DATASET RECORDS
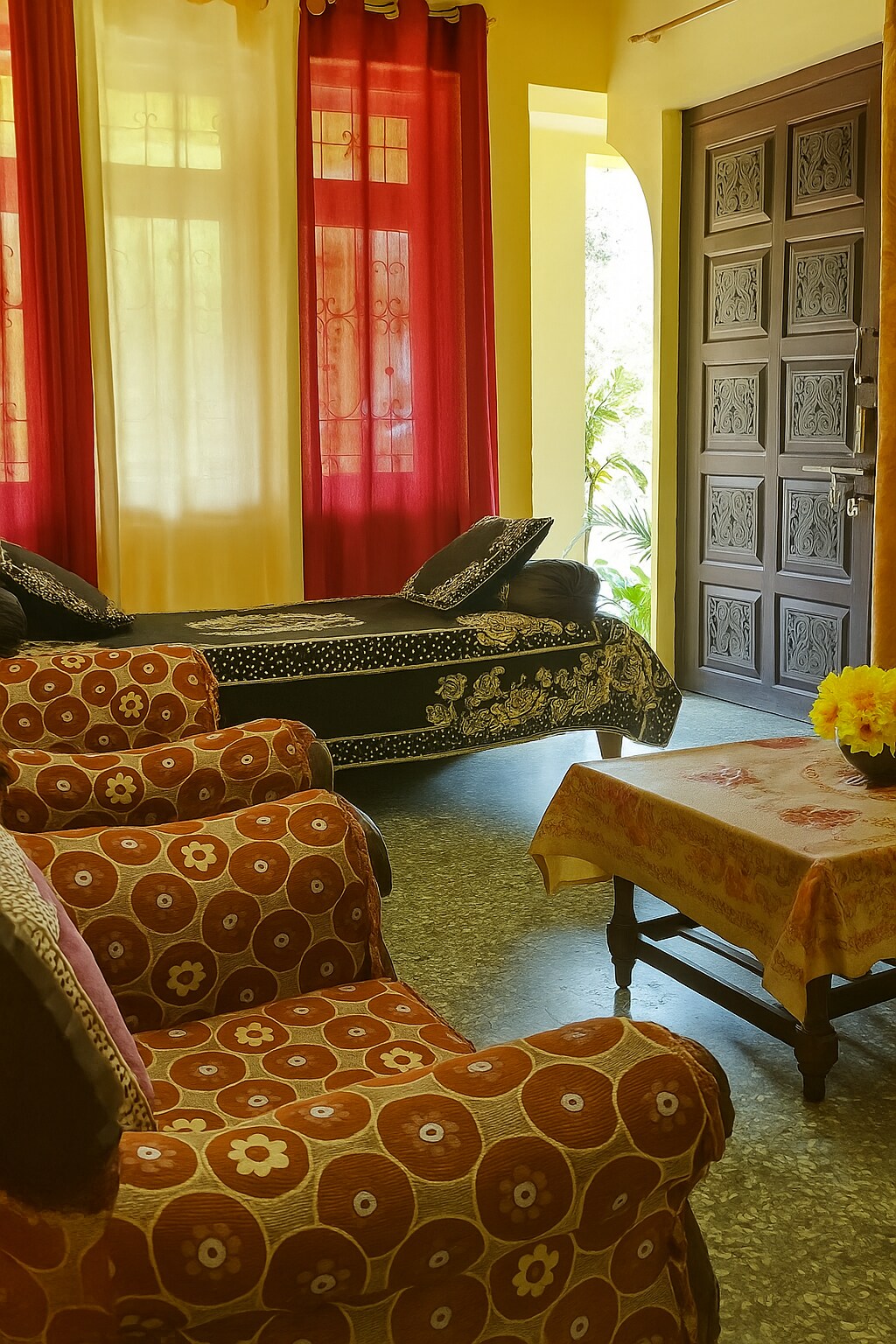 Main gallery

--

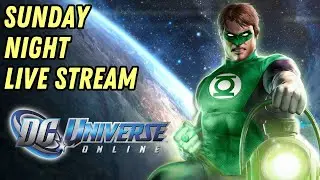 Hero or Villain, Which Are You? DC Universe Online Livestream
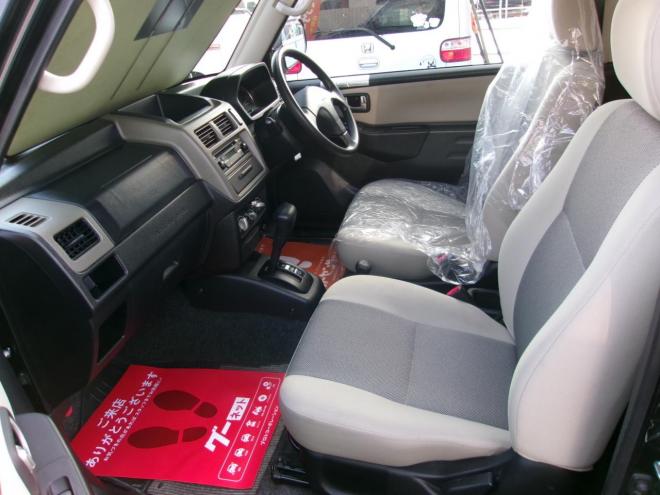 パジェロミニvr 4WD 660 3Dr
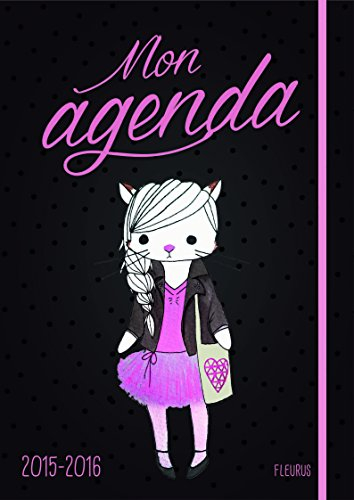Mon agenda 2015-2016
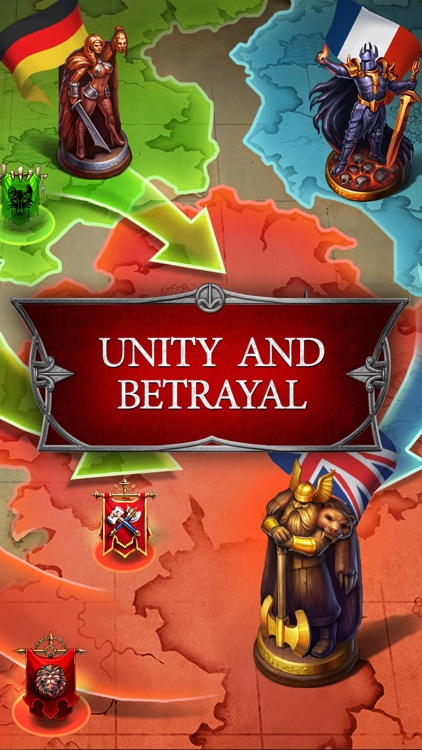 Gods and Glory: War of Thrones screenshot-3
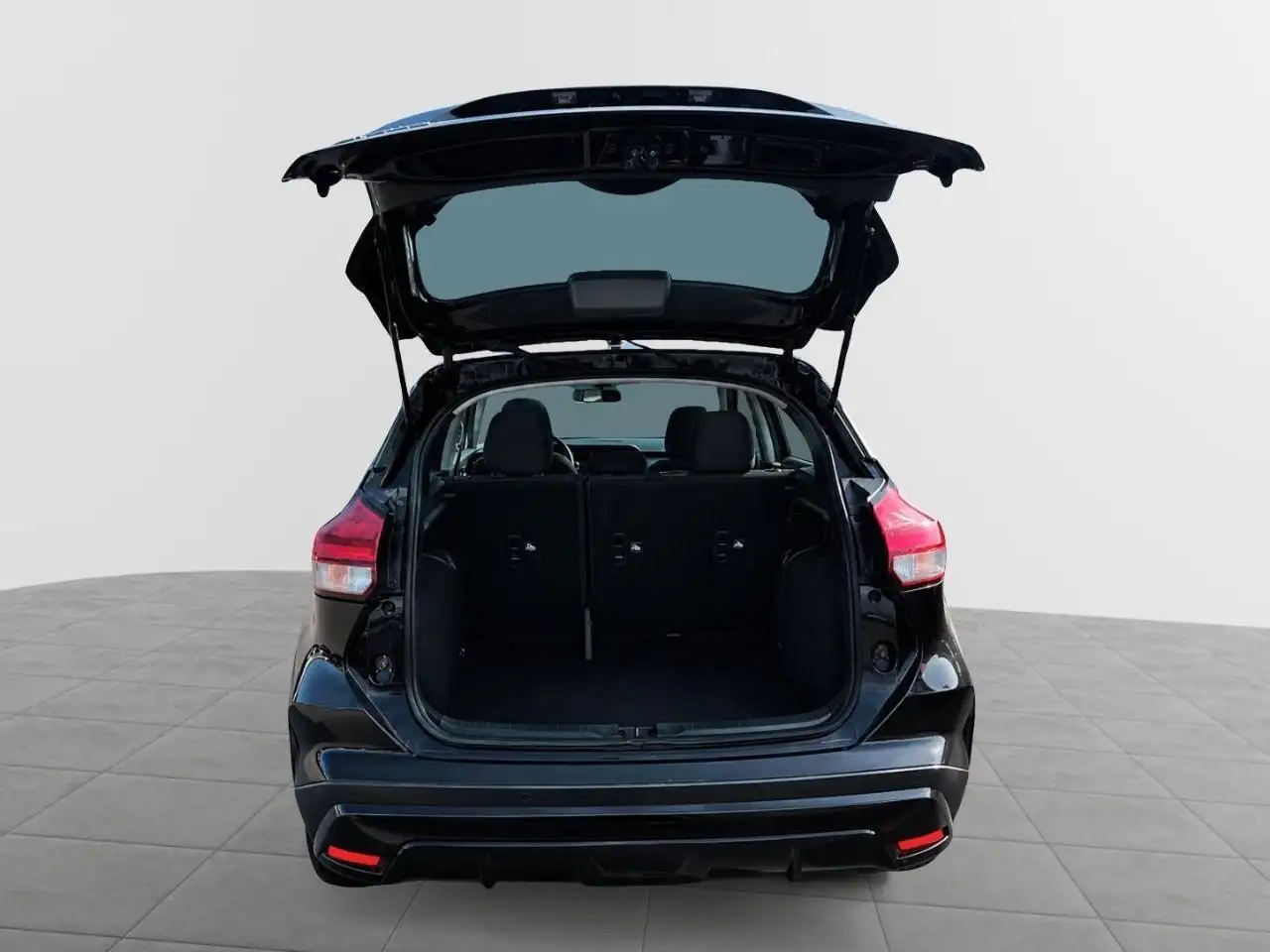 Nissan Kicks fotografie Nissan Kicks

YOUR ASSIGNMENT
From the records above, copy only the lines running from the line containing "Hero or Villain, Which" to the line containing "Nissan Kicks fotografie Nissan Kicks", both ends included. Leave the pictures out.

SOLUTION TO THIS PROBLEM
 Hero or Villain, Which Are You? DC Universe Online Livestream
 パジェロミニvr 4WD 660 3Dr
Mon agenda 2015-2016
 Gods and Glory: War of Thrones screenshot-3
 Nissan Kicks fotografie Nissan Kicks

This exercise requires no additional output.